Gully Foyle, the lead, is an uneducated spaceship survivor left stranded when the Vorga spots his distress signal and chooses not to pick him up. The revenge that follows turns him into something vengeful, brutal, and often a complete bastard. Bester makes him work anyway. You don't root for him exactly, you just can't look away. He starts the book marooned in space and ends it as something much stranger.

There's a rape scene, we can't shy from that. The book cuts before showing it, but doesn't sanitise the aftermath. The damage Foyle does to Robin Wednesbury stays visible across the rest of the story.

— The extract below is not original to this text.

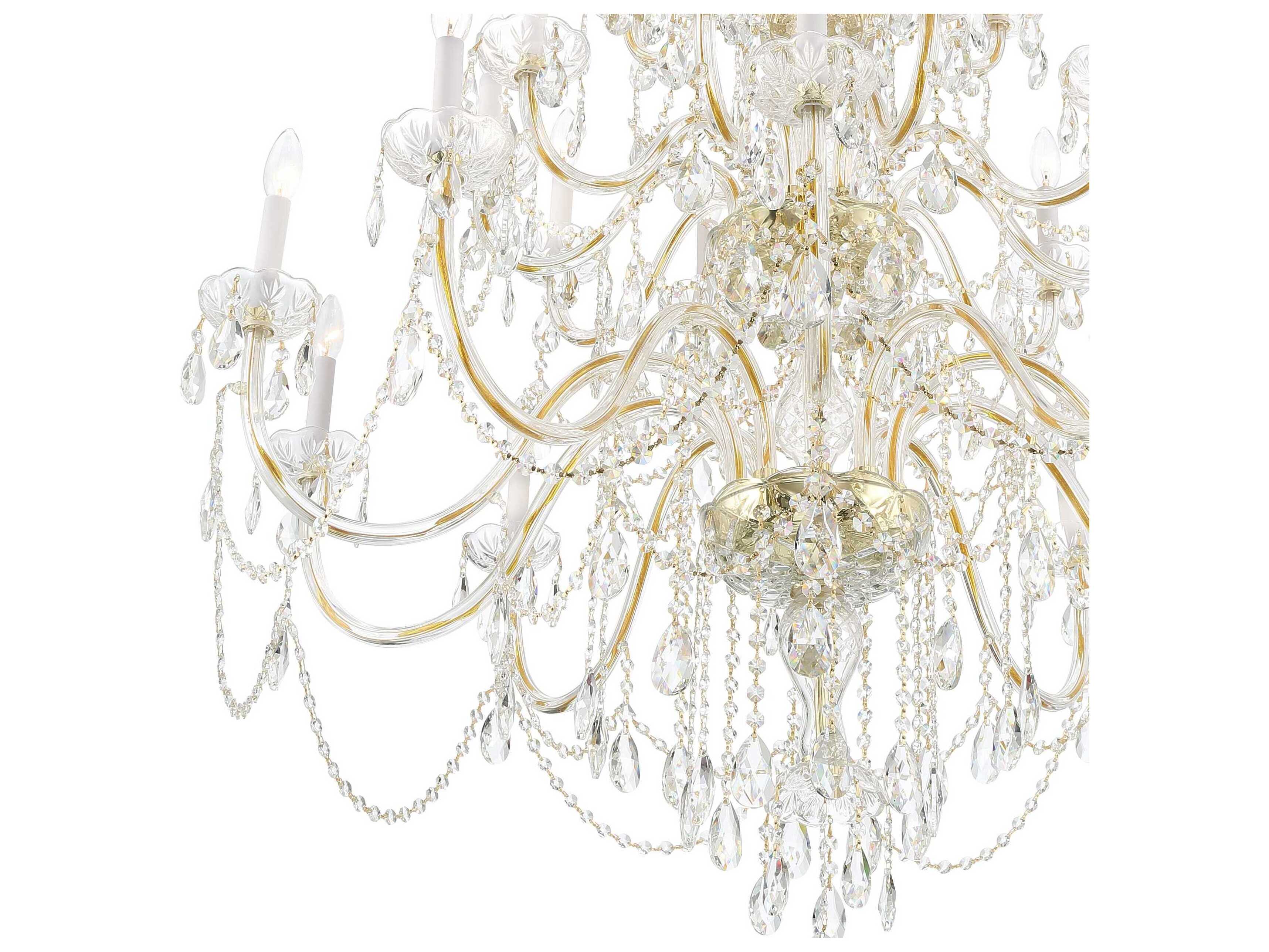 Crystorama Traditional Crystal 25-Light Polished Brass Chrome Glass Candelabra Chandelier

The jaunting premise, teleportation across visual range capped at around a thousand miles, is the other star of the book. Bester actually does the homework on it: how economies adapt, what happens to prisons, what it does to cities, what it does to a war between the Inner Planets and the Outer Satellites. The kind of "what if" most sci-fi waves off in a paragraph, and Bester sits with for a whole novel.

It's short, around 250 pages, and there's no fat on it. The final act swerves into typographic experimentation, with fonts changing mid-page to evoke synesthesia and language growing more sophisticated as Foyle does. By the time you hit it, the swerve feels earned rather than indulgent.

If you've never read it, the audiobook is a good entry point. Neil Gaiman called it "the perfect cyberpunk novel" decades before cyberpunk was a thing, and it's held up better than it has any right to.